Dataset items:

== Segment start ==

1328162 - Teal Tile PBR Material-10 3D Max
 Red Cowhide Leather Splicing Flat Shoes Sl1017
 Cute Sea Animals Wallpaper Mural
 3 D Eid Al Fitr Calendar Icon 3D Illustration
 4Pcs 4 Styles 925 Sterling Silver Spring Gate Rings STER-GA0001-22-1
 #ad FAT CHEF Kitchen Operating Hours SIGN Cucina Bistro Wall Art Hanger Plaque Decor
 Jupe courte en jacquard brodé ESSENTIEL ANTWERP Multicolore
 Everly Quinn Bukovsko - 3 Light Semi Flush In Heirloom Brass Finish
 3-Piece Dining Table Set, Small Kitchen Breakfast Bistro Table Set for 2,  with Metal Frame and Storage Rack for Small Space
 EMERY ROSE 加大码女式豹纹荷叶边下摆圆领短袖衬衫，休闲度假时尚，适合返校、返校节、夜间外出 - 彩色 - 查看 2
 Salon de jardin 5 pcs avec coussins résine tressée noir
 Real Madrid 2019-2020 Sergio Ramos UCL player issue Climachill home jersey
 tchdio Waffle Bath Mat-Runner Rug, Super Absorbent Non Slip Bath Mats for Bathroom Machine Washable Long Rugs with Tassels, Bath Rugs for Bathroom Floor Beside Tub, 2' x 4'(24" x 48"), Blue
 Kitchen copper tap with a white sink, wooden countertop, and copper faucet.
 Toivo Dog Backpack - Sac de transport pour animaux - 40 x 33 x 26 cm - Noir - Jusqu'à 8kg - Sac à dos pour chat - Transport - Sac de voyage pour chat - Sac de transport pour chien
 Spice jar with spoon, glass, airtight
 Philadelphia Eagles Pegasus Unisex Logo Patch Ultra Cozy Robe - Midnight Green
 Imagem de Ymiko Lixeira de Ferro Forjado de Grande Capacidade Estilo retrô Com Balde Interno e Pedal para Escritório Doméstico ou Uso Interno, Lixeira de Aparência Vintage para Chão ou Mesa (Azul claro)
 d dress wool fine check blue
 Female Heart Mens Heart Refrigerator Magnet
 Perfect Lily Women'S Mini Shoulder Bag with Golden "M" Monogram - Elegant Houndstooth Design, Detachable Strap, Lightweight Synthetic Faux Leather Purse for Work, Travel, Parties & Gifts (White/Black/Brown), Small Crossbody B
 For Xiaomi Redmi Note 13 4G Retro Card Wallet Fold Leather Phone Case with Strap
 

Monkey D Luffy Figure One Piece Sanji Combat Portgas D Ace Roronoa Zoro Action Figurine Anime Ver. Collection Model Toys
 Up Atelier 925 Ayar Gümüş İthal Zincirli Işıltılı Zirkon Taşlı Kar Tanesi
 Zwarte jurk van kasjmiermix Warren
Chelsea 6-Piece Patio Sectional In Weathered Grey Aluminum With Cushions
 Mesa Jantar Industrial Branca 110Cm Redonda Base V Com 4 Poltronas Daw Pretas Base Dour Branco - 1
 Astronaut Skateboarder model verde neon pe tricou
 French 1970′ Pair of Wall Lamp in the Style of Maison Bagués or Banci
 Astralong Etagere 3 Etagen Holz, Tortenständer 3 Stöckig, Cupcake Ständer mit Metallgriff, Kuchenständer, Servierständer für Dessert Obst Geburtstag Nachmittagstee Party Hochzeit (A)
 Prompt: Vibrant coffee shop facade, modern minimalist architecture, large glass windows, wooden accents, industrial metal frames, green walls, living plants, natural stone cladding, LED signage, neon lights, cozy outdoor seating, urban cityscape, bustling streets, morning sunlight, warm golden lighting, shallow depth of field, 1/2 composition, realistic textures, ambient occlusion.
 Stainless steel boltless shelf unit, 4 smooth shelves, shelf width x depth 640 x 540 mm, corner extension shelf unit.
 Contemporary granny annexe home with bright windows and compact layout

== Segment end ==

Wherever a line in the entries holds "Piece", copy that line.

 3-Piece Dining Table Set, Small Kitchen Breakfast Bistro Table Set for 2,  with Metal Frame and Storage Rack for Small Space
Monkey D Luffy Figure One Piece Sanji Combat Portgas D Ace Roronoa Zoro Action Figurine Anime Ver. Collection Model Toys
Chelsea 6-Piece Patio Sectional In Weathered Grey Aluminum With Cushions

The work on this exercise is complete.